At this point I still haven’t heard much Leonard Cohen. It feels like it’s this gaping hole in my musical knowledge, particularly given that I am also Canadian. Now that he is dead, it feels like I really failed to give him his due in his lifetime, given that he is one of the Great Canadian Songwriters, and maybe even one of the greatest English language songwriters (though I have not heard anywhere near enough to agree or disagree with that).

I find myself listening more often to his less classic albums when I do get around to him, and that is giving me a really weird perspective. This one appears to have a mixed reputation but more people think it’s more classic than not, certainly compared to his records immediately preceding it.

What I find while listening to this particular version of him is that the lyrics are dense and provocative. Cohen’s lyrics are among the densest post-Dylan lyrics I have ever heard. Having now heard three of his albums, and having listened to an absolute ton of other songwriters from his generation, I feel like it’s safe to say that Cohen is perhaps the only post-Dylan songwriter to really create the dense tapestries of words that Dylan did in his prime. (That is not to say their lyrics are similar, just to say that Cohen is perhaps the only other English-language lyricist I’m aware of who might warrant his own university-level course.)

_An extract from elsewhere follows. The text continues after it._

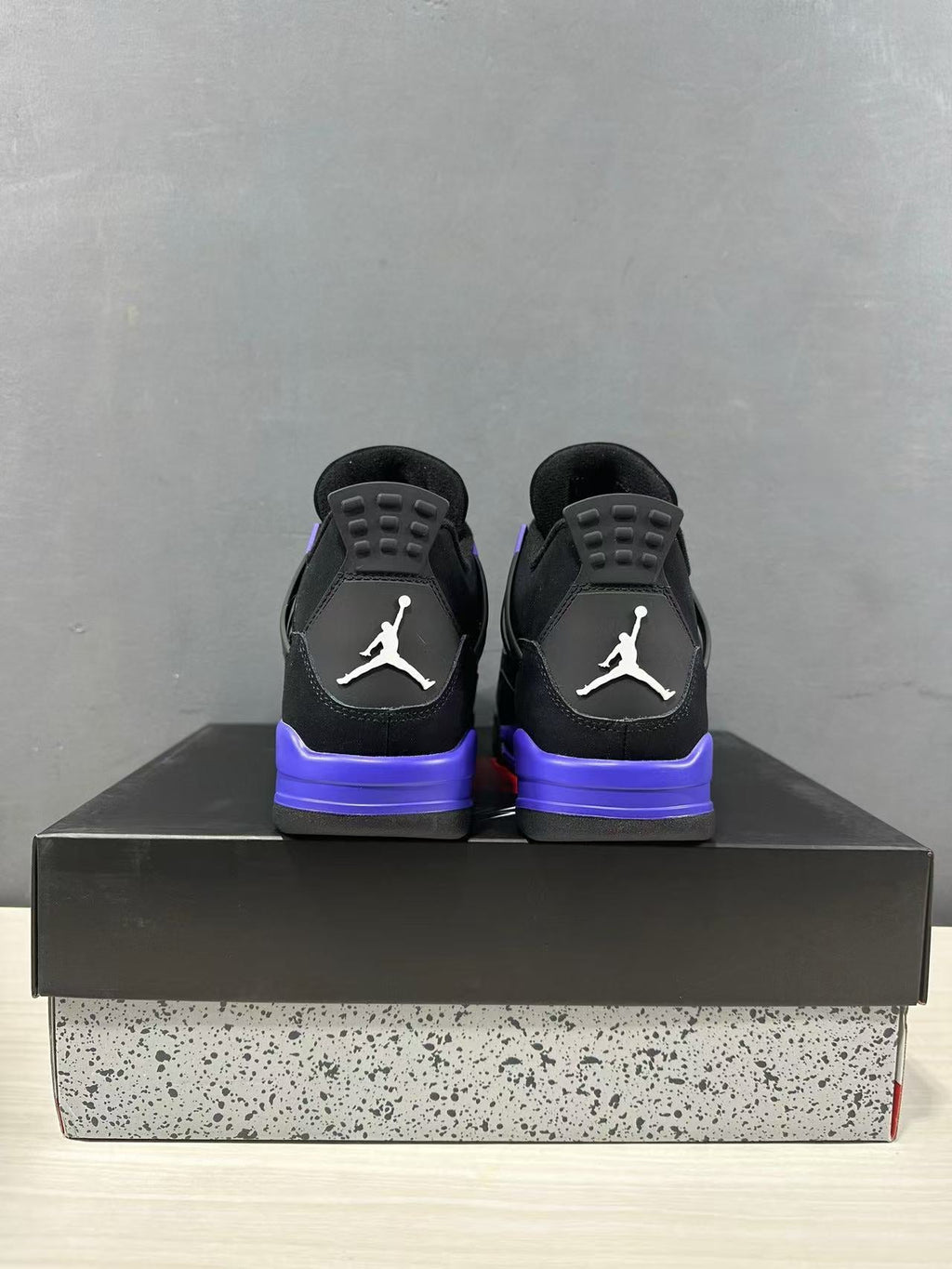 Air Jordan 4 Retro Black Blue Sneakers CT8527-018 - product image from the listing.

But the music: it is very contemporary (“modern” for the time) and very much full of sounds one would associate with the adult contemporary of the day. On some tracks it’s better than others, but some tracks have elements that just about scream out their era. Dated production is one of my pet peeves and there are a number of songs here which would really benefit from some more traditional instrumentation.

But Cohen’s songs are strong enough that I can usually forgive this. And though I don’t know the originals of the covers, Cohen’s versions sound to me like they are Leonard Cohen songs, without the famous lyrics, so that’s something.

I can’t say where this stands in the catalogue but I definitely like it less than the earliest record of his I’ve heard. It’s a little too ’90s adult contemporary for me. But Cohen remains (nearly) a peerless lyricist.